Many historical scholars argue that although the speech was predictive, it was not out of a moral obligation but as a result of Cold War politics and the urgency to prevent Soviet infiltration in Africa. The dramatic events of 1960 could be among the reasons why the entire speech still holds so much weight to this day. That year, 17 African countries attained their independence, and countries under colonial rule began to mobilise significant political and diplomatic support from the rest of the world towards self-governance.
This was the first wave of the “wind of change” characterised by a conscious rising tide of pan-African nationalism. A number of pan-African heads of states and scholars such as Kwame Nkrumah of Ghana, Julius Nyerere of Kenya, Sékou Touré of Guinea and Kenneth Kaunda of Zambia begun providing moral, financial and military support for the independence of other African states. These collaborative efforts accumulated to the formation of the Organisation of the African Unity (OAU) on May 25, 1963, in Addis Ababa, Ethiopia.
The organisation was committed to eradicating colonialism and neo-colonialism from the African continent. During its lifespan from 1963 to 2002 it was referred to as a “toothless bulldog” with a “bark (but) no bite” as well as a “club of dictators” whose heads of states adhered strictly to the “principle of non-interference” which resulted in its inability to establish a proactive continental conflict prevention and resolution mechanism.

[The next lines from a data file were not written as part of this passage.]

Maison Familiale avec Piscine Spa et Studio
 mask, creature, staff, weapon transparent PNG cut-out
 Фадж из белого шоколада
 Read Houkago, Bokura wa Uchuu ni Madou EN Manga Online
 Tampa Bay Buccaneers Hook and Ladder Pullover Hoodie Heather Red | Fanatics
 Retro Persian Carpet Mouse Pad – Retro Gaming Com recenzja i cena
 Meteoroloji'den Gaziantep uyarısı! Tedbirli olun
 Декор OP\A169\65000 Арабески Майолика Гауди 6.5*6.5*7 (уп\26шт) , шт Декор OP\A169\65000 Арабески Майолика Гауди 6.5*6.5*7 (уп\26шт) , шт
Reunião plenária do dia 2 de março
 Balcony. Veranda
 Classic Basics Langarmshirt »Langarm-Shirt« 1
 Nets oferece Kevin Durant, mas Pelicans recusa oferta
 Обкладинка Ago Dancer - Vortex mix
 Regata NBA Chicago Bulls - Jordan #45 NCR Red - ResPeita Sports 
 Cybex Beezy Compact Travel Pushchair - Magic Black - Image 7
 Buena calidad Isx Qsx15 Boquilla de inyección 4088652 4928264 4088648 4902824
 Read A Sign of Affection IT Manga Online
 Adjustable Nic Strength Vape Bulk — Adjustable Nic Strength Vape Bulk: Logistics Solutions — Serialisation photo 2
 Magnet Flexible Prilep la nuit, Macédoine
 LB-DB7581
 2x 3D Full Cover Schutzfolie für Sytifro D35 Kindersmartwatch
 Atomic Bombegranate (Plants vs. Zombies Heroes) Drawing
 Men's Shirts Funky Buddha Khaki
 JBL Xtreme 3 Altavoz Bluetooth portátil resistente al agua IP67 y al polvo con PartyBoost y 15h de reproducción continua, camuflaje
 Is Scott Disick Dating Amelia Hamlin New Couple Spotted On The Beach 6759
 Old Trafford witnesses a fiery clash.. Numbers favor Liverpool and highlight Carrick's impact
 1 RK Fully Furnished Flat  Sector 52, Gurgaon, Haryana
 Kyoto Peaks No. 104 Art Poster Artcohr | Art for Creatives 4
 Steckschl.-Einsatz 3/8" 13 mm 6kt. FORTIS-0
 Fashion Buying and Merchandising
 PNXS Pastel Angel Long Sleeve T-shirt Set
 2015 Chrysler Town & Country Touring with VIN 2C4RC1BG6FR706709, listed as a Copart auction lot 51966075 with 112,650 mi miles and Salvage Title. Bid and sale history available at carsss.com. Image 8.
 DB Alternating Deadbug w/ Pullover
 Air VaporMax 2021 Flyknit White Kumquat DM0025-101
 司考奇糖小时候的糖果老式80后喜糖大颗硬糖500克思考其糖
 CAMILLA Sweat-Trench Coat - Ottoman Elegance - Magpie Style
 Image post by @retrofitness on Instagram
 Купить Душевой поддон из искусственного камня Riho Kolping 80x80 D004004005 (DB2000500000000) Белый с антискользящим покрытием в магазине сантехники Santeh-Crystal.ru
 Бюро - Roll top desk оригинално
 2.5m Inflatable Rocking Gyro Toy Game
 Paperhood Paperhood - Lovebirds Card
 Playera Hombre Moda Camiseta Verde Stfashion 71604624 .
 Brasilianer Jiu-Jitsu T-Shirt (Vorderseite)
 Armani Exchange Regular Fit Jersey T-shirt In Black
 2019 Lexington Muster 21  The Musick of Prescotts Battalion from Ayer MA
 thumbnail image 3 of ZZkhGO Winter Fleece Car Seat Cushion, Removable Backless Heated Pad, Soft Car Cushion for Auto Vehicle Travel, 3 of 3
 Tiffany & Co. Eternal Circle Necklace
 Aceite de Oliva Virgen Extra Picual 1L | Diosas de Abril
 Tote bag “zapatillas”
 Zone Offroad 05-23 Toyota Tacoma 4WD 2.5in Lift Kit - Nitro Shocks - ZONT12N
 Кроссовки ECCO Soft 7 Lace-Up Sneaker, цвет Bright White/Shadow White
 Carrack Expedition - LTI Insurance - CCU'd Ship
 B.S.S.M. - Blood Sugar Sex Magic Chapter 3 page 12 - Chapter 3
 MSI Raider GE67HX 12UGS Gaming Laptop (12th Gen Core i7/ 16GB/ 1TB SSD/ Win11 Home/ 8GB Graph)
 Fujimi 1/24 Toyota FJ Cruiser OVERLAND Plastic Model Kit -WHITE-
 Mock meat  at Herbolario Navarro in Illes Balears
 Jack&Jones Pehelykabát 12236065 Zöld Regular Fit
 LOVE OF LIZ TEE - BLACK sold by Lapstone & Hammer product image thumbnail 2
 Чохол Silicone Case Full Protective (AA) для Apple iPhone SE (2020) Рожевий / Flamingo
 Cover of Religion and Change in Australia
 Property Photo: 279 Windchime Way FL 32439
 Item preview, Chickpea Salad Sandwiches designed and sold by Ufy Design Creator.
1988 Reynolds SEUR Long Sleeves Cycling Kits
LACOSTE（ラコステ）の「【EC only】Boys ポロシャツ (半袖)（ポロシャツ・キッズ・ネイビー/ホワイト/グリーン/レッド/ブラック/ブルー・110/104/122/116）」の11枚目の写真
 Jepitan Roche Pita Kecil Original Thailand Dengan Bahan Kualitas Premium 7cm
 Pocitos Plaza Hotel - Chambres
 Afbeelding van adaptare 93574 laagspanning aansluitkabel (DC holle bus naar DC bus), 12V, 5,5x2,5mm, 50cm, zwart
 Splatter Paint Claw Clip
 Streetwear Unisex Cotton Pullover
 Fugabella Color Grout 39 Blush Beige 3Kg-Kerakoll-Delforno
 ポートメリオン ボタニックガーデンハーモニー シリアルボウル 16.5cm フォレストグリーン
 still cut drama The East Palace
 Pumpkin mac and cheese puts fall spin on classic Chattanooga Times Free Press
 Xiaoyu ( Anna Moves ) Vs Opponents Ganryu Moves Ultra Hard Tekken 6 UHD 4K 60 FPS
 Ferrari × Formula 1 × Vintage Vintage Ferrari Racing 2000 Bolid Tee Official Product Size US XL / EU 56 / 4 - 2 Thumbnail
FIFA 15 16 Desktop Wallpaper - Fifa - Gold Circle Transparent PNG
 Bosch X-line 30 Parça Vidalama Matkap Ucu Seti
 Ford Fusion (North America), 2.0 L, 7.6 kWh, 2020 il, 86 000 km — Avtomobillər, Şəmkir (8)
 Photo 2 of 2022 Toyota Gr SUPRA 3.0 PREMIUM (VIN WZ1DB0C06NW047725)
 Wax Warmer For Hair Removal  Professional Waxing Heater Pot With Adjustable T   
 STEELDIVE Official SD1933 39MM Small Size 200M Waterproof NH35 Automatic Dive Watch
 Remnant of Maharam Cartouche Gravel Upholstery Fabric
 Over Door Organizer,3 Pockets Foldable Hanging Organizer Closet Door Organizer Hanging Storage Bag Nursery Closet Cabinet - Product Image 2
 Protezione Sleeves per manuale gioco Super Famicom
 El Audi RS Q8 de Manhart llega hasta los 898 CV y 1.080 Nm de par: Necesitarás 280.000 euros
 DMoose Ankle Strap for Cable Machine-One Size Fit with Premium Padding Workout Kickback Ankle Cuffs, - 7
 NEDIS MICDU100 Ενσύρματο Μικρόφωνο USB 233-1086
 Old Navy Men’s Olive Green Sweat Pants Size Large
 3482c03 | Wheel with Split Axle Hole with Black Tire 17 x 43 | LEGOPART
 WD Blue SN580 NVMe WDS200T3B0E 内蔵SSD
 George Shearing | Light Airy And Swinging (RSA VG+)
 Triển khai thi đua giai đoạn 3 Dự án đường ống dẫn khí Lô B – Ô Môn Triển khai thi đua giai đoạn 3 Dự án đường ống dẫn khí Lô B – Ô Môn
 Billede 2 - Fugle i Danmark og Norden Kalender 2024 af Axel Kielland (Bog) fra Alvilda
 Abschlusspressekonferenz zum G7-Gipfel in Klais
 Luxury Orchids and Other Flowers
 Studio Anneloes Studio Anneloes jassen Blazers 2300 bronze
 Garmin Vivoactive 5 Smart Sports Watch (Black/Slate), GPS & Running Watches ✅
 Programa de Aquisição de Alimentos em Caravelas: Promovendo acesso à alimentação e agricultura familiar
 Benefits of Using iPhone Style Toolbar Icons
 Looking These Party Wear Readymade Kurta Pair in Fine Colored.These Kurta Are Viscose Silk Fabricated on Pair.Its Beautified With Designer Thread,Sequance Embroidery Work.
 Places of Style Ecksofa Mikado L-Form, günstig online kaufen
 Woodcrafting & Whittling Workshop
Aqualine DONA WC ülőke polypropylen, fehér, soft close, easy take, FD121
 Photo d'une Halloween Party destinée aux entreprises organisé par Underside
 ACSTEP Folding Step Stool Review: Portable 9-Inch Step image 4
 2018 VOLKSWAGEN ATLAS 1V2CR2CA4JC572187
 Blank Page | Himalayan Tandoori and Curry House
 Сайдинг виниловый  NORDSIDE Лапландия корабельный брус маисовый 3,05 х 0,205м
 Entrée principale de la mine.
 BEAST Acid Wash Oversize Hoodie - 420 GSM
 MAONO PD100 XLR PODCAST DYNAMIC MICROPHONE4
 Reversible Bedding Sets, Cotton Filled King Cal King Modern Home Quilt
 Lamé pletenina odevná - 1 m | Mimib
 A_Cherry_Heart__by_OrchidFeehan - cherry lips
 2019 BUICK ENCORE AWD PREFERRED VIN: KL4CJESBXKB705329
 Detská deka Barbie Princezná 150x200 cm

It will be recalled that by the end of the 1990s there were steps undertaken by post-colonial progressive African leaders such as South Africa’s Thabo Mbeki that led to the formation of the African Union (AU) on 9 July, 2002, and the demise of the OAU. This transformation ushered a promise into a new thinking and approach which accumulated into an institutional framework that would ensure the successful implementation of the organisation’s objectives. The OAU was devoid of any supranational elements in terms of “African Union law” that would bind all member states.
The transformation of OAU to AU was the second wave of “wind of change” which captured a new agenda from the historical mandate of decolonisation, to a new mandate to transfer sovereign powers to African Union institutions. The Constitutive Act of the AU, which entered application on 26 May, 2002, symbolised a major shift to ensure that all member states are accountable to the AU according to the agreed standards on democracy, good governance and human rights.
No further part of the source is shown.